THE PROBLEM:
Copy the data exactly. Images are the one exception.

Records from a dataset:
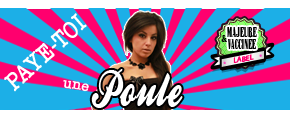 Paye-toi une Poule !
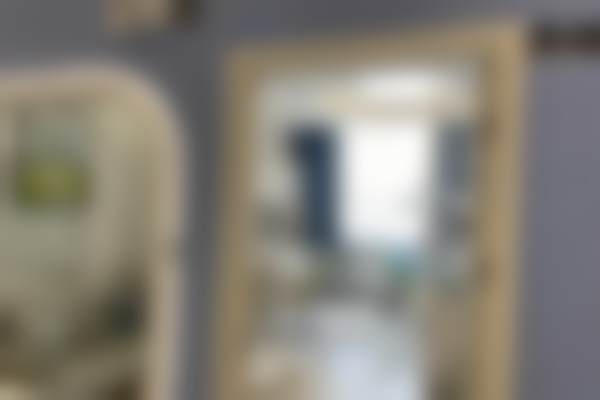 拉萨爱牙口腔门诊部电话号码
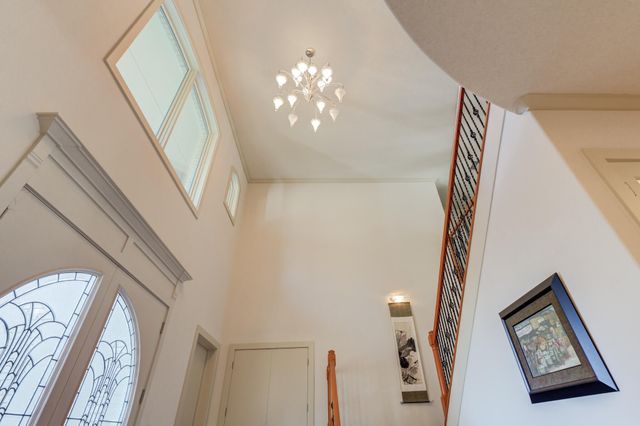 1914 Aberdeen Avenue, Lubbock, TX 79407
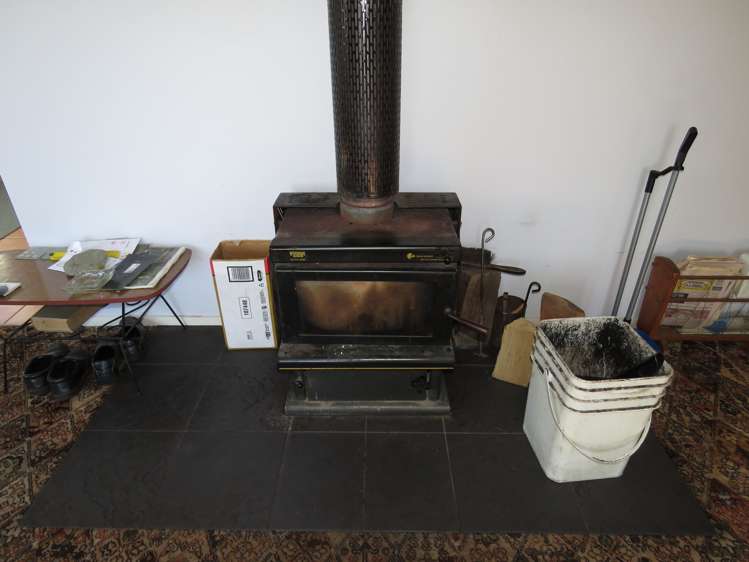 67a Peel Street Westport_3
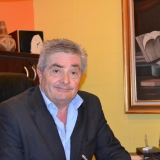 Gianfranco Domeniconi è il nuovo Direttore Commerciale di DECAFOOD 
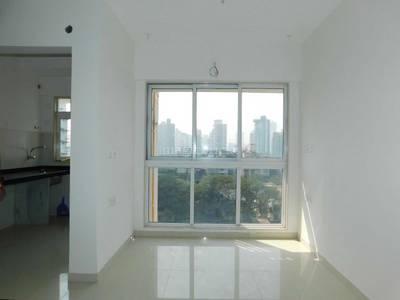 1BHK Multistorey Apartment for Resale in Excellente at Mulund West 1BHK Multistorey Apartment for Resale in Excellente at Mulund West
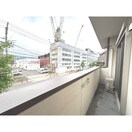  長崎市電５系統<長崎電気軌道>/石橋駅 徒歩12分 2階 築10年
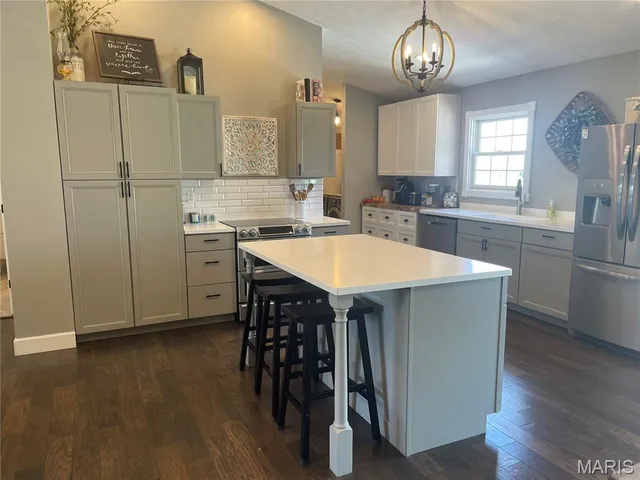 $385,000 | 5 Westwood Drive, Salem, MO 65560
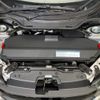 honda s660 2021 quick_quick_JW5_JW5-1203437 image 16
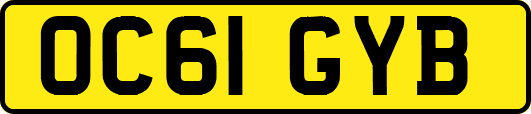 OC61GYB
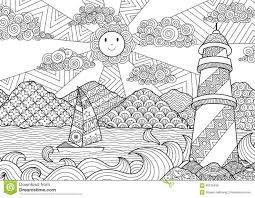 Pin On Drawiing Such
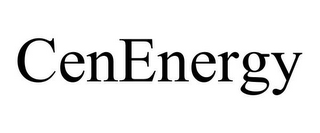 CENENERGY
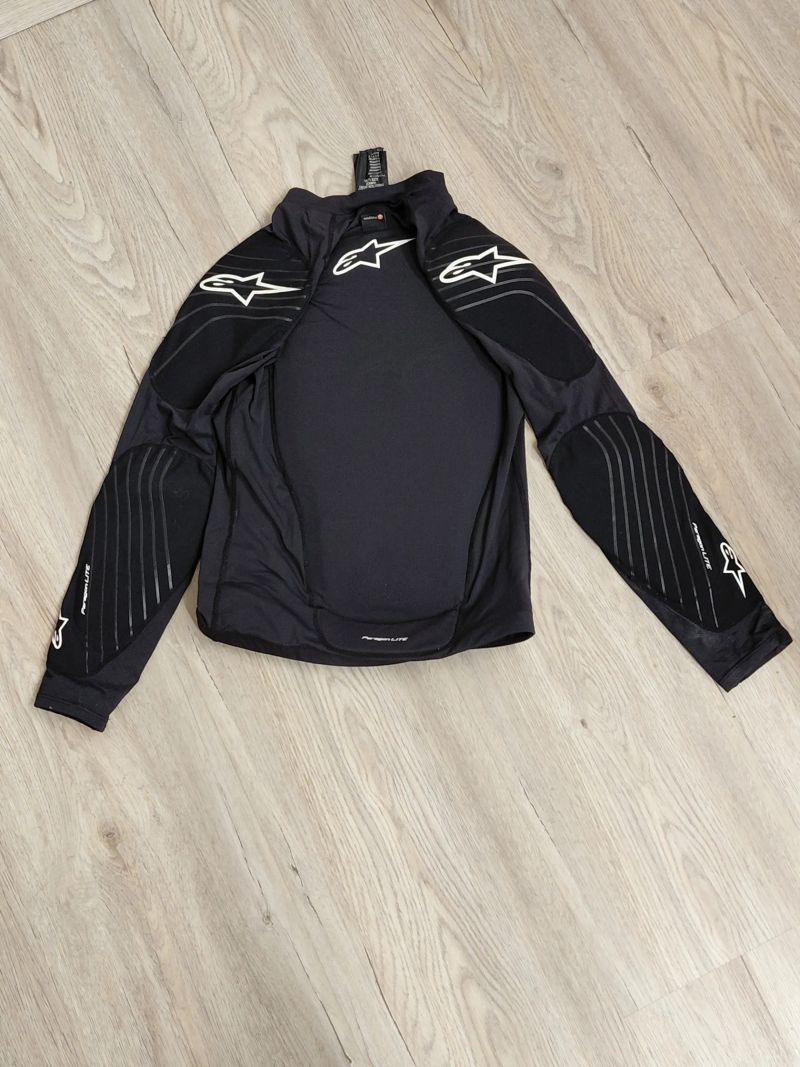 Alpinestars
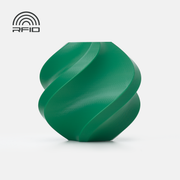Bambu Lab A1 Combo + 4 kg Bambu Lab PLA Basic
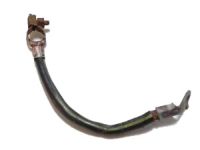 OEM Honda Sensor Assy., Battery - 32600-TK8-A01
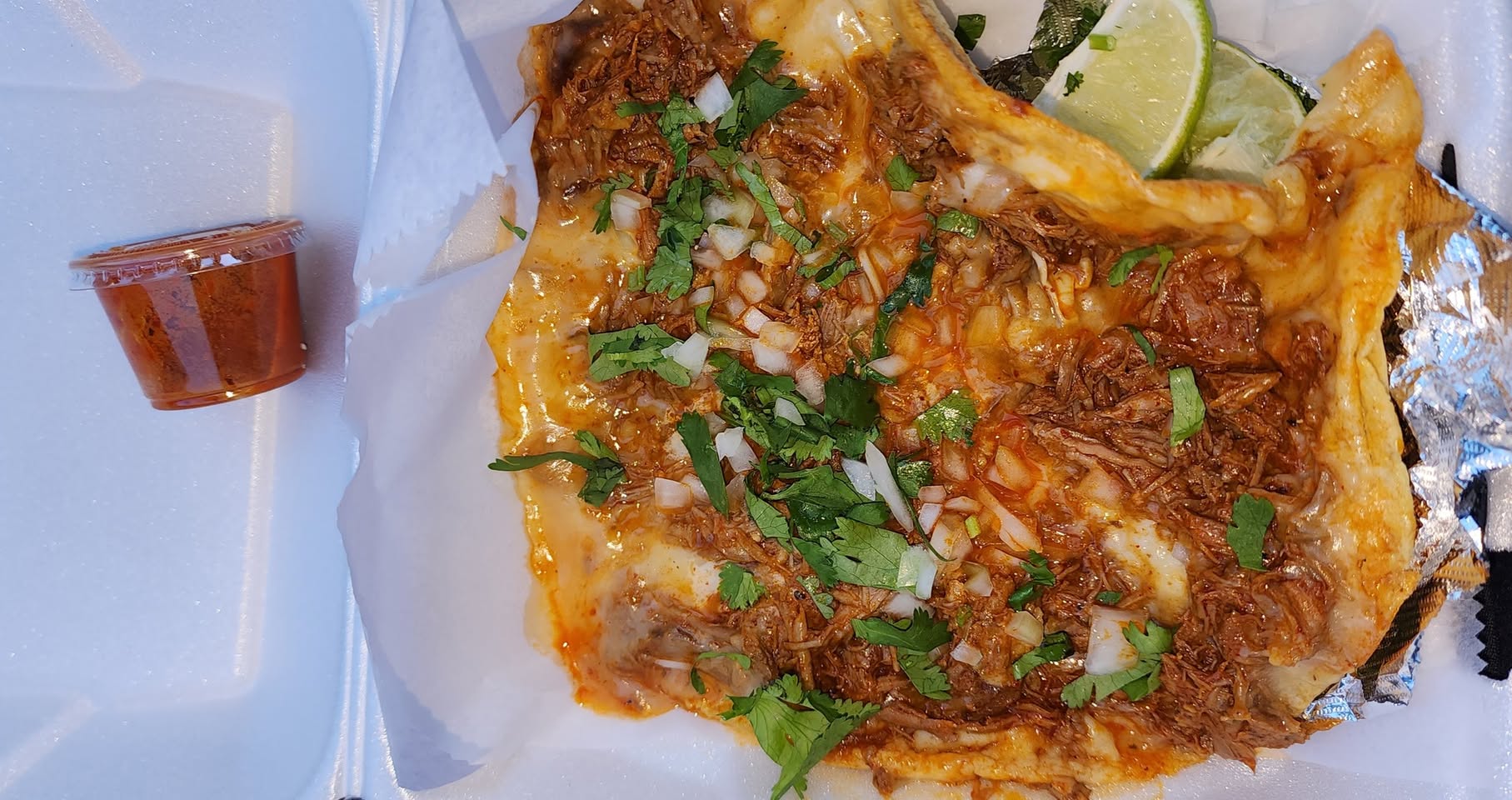 Birria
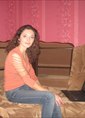 Познакомиться с татаркой.  Эльмира 39 лет Мари-Турек 361705 фото №2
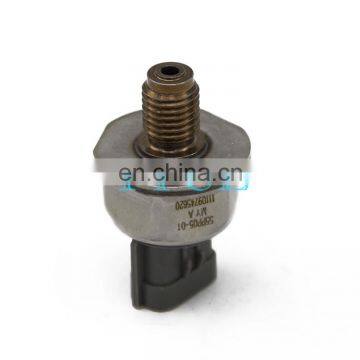 Sale Common Rail Diesel Injector Control Valve 11109745620
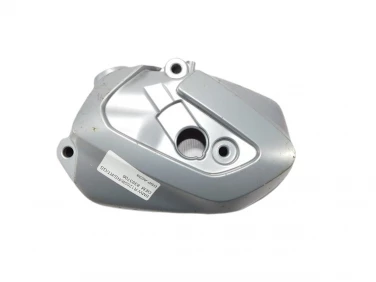 DEKIEL KAPA SILNIK PRAWA BMW R1250R/RS/RT/GS OEM 8393706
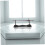 Swords Sword Display Stand 2τμχ Ξύλινη θήκη για σπαθί 6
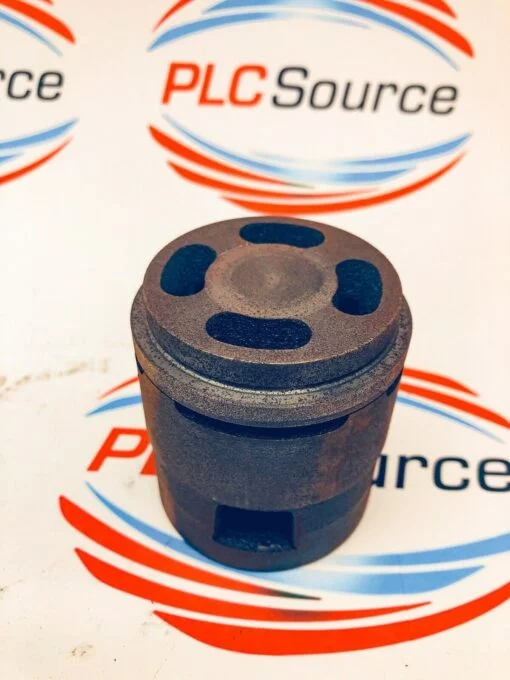QUINCY 7271X02 AY DISCHARGE VALVE - Image 2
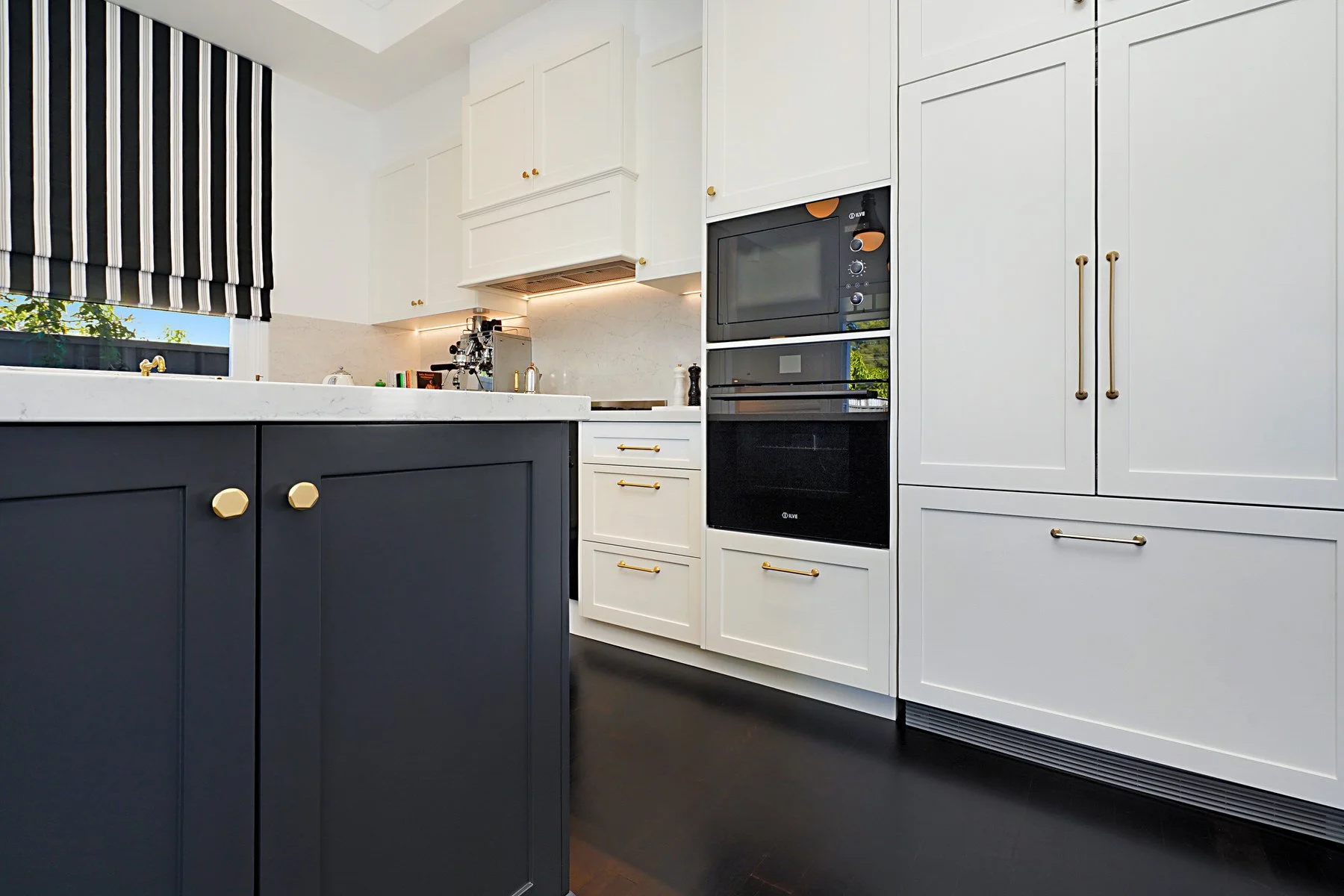 19 GOSFORD RD BROADMEADOW 009.JPG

RESPONSE TO THIS EXERCISE:
 Paye-toi une Poule !
 拉萨爱牙口腔门诊部电话号码
 1914 Aberdeen Avenue, Lubbock, TX 79407
 67a Peel Street Westport_3
 Gianfranco Domeniconi è il nuovo Direttore Commerciale di DECAFOOD 
 1BHK Multistorey Apartment for Resale in Excellente at Mulund West 1BHK Multistorey Apartment for Resale in Excellente at Mulund West
  長崎市電５系統<長崎電気軌道>/石橋駅 徒歩12分 2階 築10年
 $385,000 | 5 Westwood Drive, Salem, MO 65560
 honda s660 2021 quick_quick_JW5_JW5-1203437 image 16
 OC61GYB
 Pin On Drawiing Such
 CENENERGY
 Alpinestars
Bambu Lab A1 Combo + 4 kg Bambu Lab PLA Basic
 OEM Honda Sensor Assy., Battery - 32600-TK8-A01
 Birria
 Познакомиться с татаркой.  Эльмира 39 лет Мари-Турек 361705 фото №2
 Sale Common Rail Diesel Injector Control Valve 11109745620
 DEKIEL KAPA SILNIK PRAWA BMW R1250R/RS/RT/GS OEM 8393706
 Swords Sword Display Stand 2τμχ Ξύλινη θήκη για σπαθί 6
QUINCY 7271X02 AY DISCHARGE VALVE - Image 2
 19 GOSFORD RD BROADMEADOW 009.JPG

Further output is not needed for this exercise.